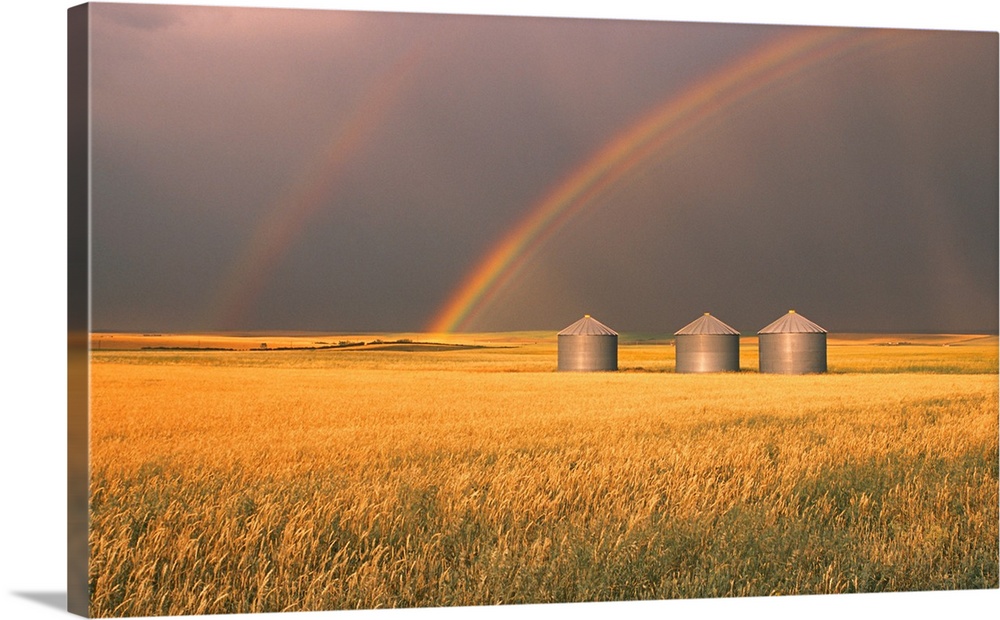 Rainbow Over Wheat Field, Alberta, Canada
---
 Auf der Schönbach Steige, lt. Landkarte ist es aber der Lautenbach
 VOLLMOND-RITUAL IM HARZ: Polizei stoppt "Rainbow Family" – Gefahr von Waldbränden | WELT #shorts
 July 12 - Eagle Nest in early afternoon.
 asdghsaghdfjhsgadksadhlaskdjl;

▸ EXERCISE DIRECTIONS
Everything in the material above from the line that has "Auf der Schönbach" through the line that has "asdghsaghdfjhsgadksadhlaskdjl;" must be duplicated exactly, with no other lines given.

▸ SOLUTION TO THIS TASK
 Auf der Schönbach Steige, lt. Landkarte ist es aber der Lautenbach
 VOLLMOND-RITUAL IM HARZ: Polizei stoppt "Rainbow Family" – Gefahr von Waldbränden | WELT #shorts
 July 12 - Eagle Nest in early afternoon.
 asdghsaghdfjhsgadksadhlaskdjl;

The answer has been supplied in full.